Es una reflexión especialmente significativa viniendo de un hombre que ha dedicado buena parte de su vida precisamente a ayudar a los demás a enfrentarse al sufrimiento. Doctor en Psicología y en Ciencias de la Salud, autor de más de 90 libros y acostumbrado a analizar las emociones humanas, ahora ocupa inesperadamente el otro lado de la consulta: él es el paciente.
Y eso no le ha hecho perder su sentido del humor. Todo lo contrario. Recuerda una estancia en el Hospital Gregorio Marañón en la que terminó conversando y riéndose con buena parte del personal sanitario. Incluso bromea con una anécdota en la que una enfermera le entregó unas galletas y poco después se las retiró al comprobar por error que supuestamente tenía diabetes. “¿Algo más?”, pensó entonces entre risas. Finalmente se trataba de una equivocación.

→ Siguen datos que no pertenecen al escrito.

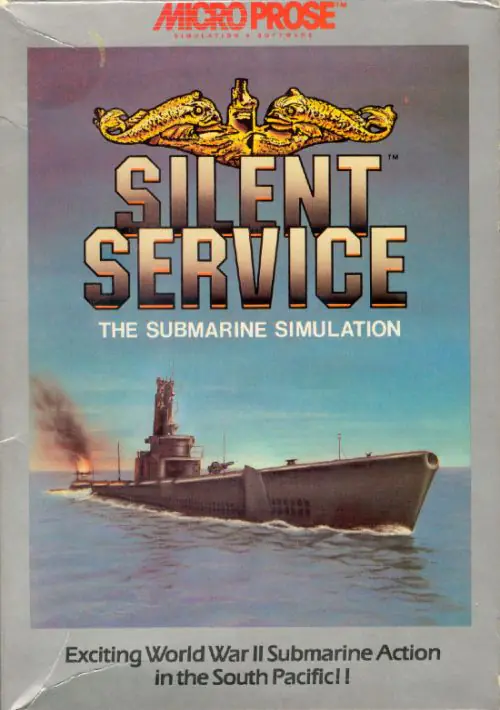 Silent Service - The Submarine Simulation ROM download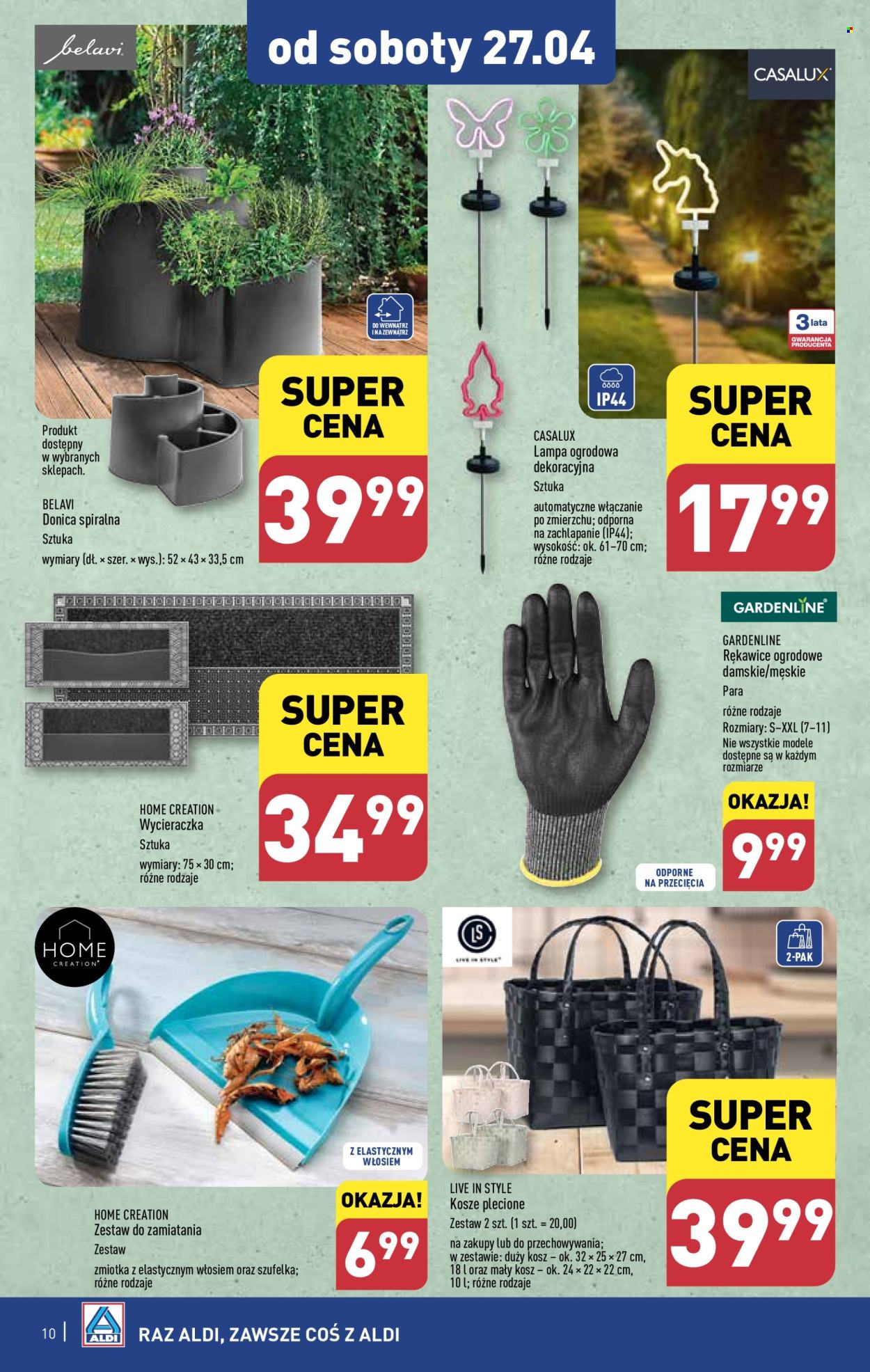 Gazetka ALDI - 24.04.2024 - 27.04.2024. Strona 10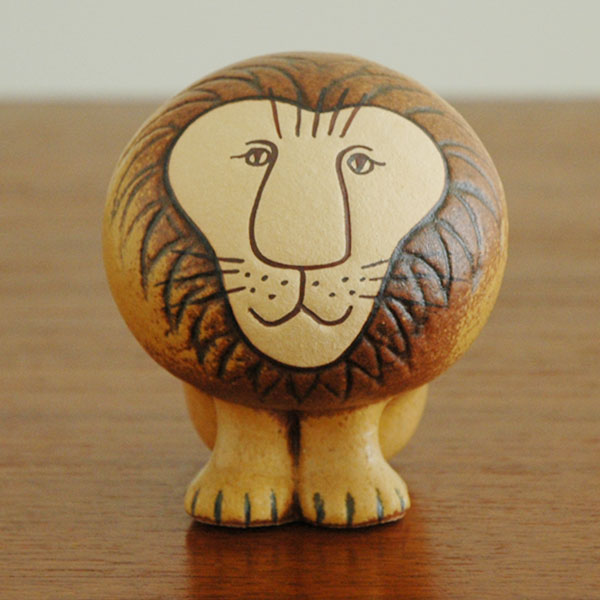 Lion(�饤����˥��ߥߥǥ����ॵ���� Lisa Larson(�ꥵ �顼����)/�̲����֥�������ʪ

Para Urra, reírse de uno mismo sigue siendo una de las mejores defensas frente a la adversidad. No es casualidad que su película favorita sea El guateque, de Peter Sellers. Recuerda cómo el protagonista continúa tocando la trompeta pese a recibir varios disparos. Una imagen que ha convertido casi en una filosofía personal: seguir tocando mientras sea posible.
También habla de sus nietos, de las cosas que todavía quiere disfrutar y de todo aquello que hace que merezca la pena continuar. No pretende engañarse ni maquillar la realidad. “La vida acaba en la muerte”, recuerda, pero precisamente por eso considera imprescindible vivirla intensamente.